Engraçado é que poucas pessoas se sentem ‘ofendidas’ quando a televisão transmite baixarias e informação inócua, quando as empresas de telefonia formam cartel em transmissão de voz e dados ou quando ainda os governos não fazem nada do que prometeram; mas a maioria fica simplesmente injuriada se os dogmas religiosos são questionados. Os cristãos, por sua vez, aceitam que você invada a casa deles, consuma toda a comida disponível, xingue a mãe e ainda chute o cachorro deles, mas não toleram jamais que se questione quaisquer termos daquilo no qual acreditam piamente. Enquanto isso, em nome de Alá ou do Deus que seja, malucos fanáticos amarram bombas na cintura e explodem tudo o que estiver ao alcance, até mesmo crianças inocentes. Para a igreja isso não deve ser muito importante, afinal em tempos inquisitórios todas as crianças nascidas de ‘bruxas’ eram atiradas à fogueira com a mesma veemência das mães e sem nenhum direito a contestação ou piedade.

Hoje inclusive espocam denúncias de abusos sexuais cometidos por pastores, padres e bispos contra crianças em todos os cantos do planeta – que não é quadrado, cabe lembrar, ao contrário do que desejavam as autoridades religiosas. Pois bem, o que a Igreja Católica faz nesses casos? Assume a culpa e pune rigorosamente? Não: abafa, simplesmente. Recentemente em Porto Alegre foi descoberto que um pároco abusava de uma menina de 11 anos. Os jornais noticiaram o fato e repercutiram no dia seguinte, mas no terceiro dia já havia somente uma pequena nota e o assunto se esgotou ali mesmo. Em compensação, a autoridade porto-alegrense do clero, arcebispo Dadeus Grings, tratou logo de eximir a culpa da instituição e conclamar os fiéis a que não permitam que a imprensa e outros setores da sociedade façam campanhas ‘difamatórias’ e de ‘perseguição’ à igreja. Fariseu é este Dom Dadeus, francamente! E vocês vão ver na próxima semana, quando ele não tardará a encher algum veículo de comunicação com o mesmo discurso surrado de sempre.

Túnel no fim da luz

Inacreditável é que entra ano e sai ano dezenas de novas publicações tomam conta das bancas do país, mas nenhuma pauta mais do que uma matéria superficial que vá contra os interesses da Igreja Católica (ainda que os interesses da Igreja Católica estejam embasados em suntuosas mentiras, como as falsas estatísticas contestando a eficácia da camisinha). Os articulistas, que quase sempre são funcionários dos veículos para o qual escrevem, atravessam os tempos de mãos amarradas, pois mesmo que quisessem fazer os seus questionamentos particulares: não podem infringir a linha editorial imposta pela direção ou pelas chefias imediatas das redações. Seria mais uma das tantas manifestações de pré-censura de algumas redações?

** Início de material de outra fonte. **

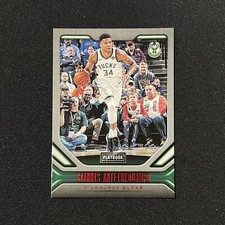 2019-20 Panini Chronicles Giannis Antetokounmpo Playbook Red #178 /149 Bucks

Agora, pasmem, para liquidar de vez com a esperança de uma mídia de melhor qualidade, religiosos de alguma vertente detectaram que precisam aumentar a presença do rebanho nos canais de imprensa e recomendaram que os pupilos estudem Comunicação e se formem em jornalismo. É possível imaginar o que se sucederá daí em diante? Se hoje os manifestos questionadores das condutas religiosas já são uma minoria absoluta, imaginem como será quando religiosos com diplomas de jornalistas estiverem inundando as redações. Além de ser um país de bacharéis, como bem lembra o Dines, o Brasil passará a ser um país de religiosos bacharéis.

Não bastasse o controle onipresente da Igreja Católica em tudo, ainda teremos formadores de opinião canalizando as discussões para a religiosidade dos cidadãos. Isso é o que eu chamo de um legítimo túnel no fim da luz, sob todos os aspectos.